Tool evidence, autopsy findings, witness testimony and the defendant’s statements all pointed toward a trial that ended instead with a no-contest plea.
SAGINAW TOWNSHIP, Mich. — The case against Daniel J. Varnes reached a turning point March 3 when he pleaded no contest to second-degree murder, torture and concealing a death, resolving a Michigan homicide built around forensic evidence, reported admissions and testimony from the man who found Teressa Johnson’s body.
Why this matters is not only that the plea secured convictions, but that it stopped the public case just before a trial that appeared likely to focus on an unusually detailed evidentiary record. Johnson, 46, was found dead Sept. 1, 2024, inside a room at the Rodeway Inn and Suites in Saginaw Township. Public reports said Varnes, 47, reached an agreement to serve 32 years in prison, with sentencing scheduled for April 13, 2026. As of April 1, that hearing still appeared to be the next formal step.
The prosecution record described in public coverage was assembled from several kinds of proof. First came eyewitness testimony. During a preliminary examination reported in 2025 coverage, a man identified in later accounts as Erik Lechner said he met Varnes near the motel for a crack sale on the night of Aug. 31, 2024. After Varnes allegedly took the drugs and failed to pay, the witness said he was told to come to the room. There, he saw what appeared to be a human body under bed covers. When he asked about it, Varnes answered, “You know exactly what that is,” according to the testimony later recounted by reporters. That statement mattered because it placed Varnes in control of the room, aware of the body and apparently trying to explain it away before police were called. The witness’s decision to contact 911 then moved the case from a private room into an official homicide investigation.
Second came the defendant’s reported statements to investigators. After police found Johnson dead and later arrested Varnes in nearby woods, detectives interviewed him about what happened in the room. According to prosecutors as quoted in local reports, Varnes admitted to “several acts of brutality” against Johnson. A detective later testified that Varnes said he had “beat the s— out of her” and hit her at least 10 times. WJRT reported that prosecutors described punches, kicks with boots and attacks using objects. The same reporting said Varnes used needle-nose pliers on Johnson’s mouth “to shut her up.” Statements like those can become powerful evidence because they allow prosecutors to argue not only that the defendant was present, but that he described the violence in his own words. Even with a no-contest plea, those earlier reported admissions remained central to the public account of the case.
Third came the physical and medical findings.
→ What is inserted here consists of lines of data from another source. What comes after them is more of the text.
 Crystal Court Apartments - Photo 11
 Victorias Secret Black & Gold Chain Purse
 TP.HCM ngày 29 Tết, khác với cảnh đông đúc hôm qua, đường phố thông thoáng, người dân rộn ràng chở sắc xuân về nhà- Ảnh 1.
Police recovered multiple tools from the motel room, including scissors, a ratchet, side cutters, screwdrivers and pliers. Public reports said they tested positive for Johnson’s blood. The autopsy then gave prosecutors a medical framework for the injuries, concluding that Johnson died from multiple traumatic injuries, recent and remote, with related complications. That language is significant because it points to injuries inflicted over time, not a single blow. Separate early local reporting said prosecutors believed Johnson spent one to two weeks with Varnes at the motel before she died, which would fit the medical examiner’s distinction between recent and older injuries. A neighboring guest later told WJRT she had no sense such violence had unfolded next door, a reminder that the evidence emerged from inside a room outward, not from public disturbances seen by many witnesses.
The plea then changed the function of all that evidence. Instead of being introduced piece by piece at trial, it became leverage in a negotiated outcome. Oxygen.com reported that Varnes entered his no-contest plea the same day trial was set to begin, and Prosecuting Attorney John McColgan said it was fortunate the plea spared those involved from going through trial. That suggests prosecutors believed their record was strong enough to secure a substantial sentence while avoiding the cost and strain of full proceedings. A no-contest plea does not require the defendant to speak the factual basis in the same way a guilty plea often does, but it still results in conviction. The remaining question, as of April 1, was whether the judge would formally impose the 32-year prison term described in public accounts. Michigan’s public court portals provide case access, though not every article of proof appears there in narrative form.
The case stood with the evidentiary fight largely over and the sentencing phase still ahead. The next milestone was April 13, 2026, when the court was expected to decide the final punishment in a homicide case built from a witness, a body in a motel room, blood-marked tools and a plea entered on the eve of trial.
Author note: Last updated April 1, 2026.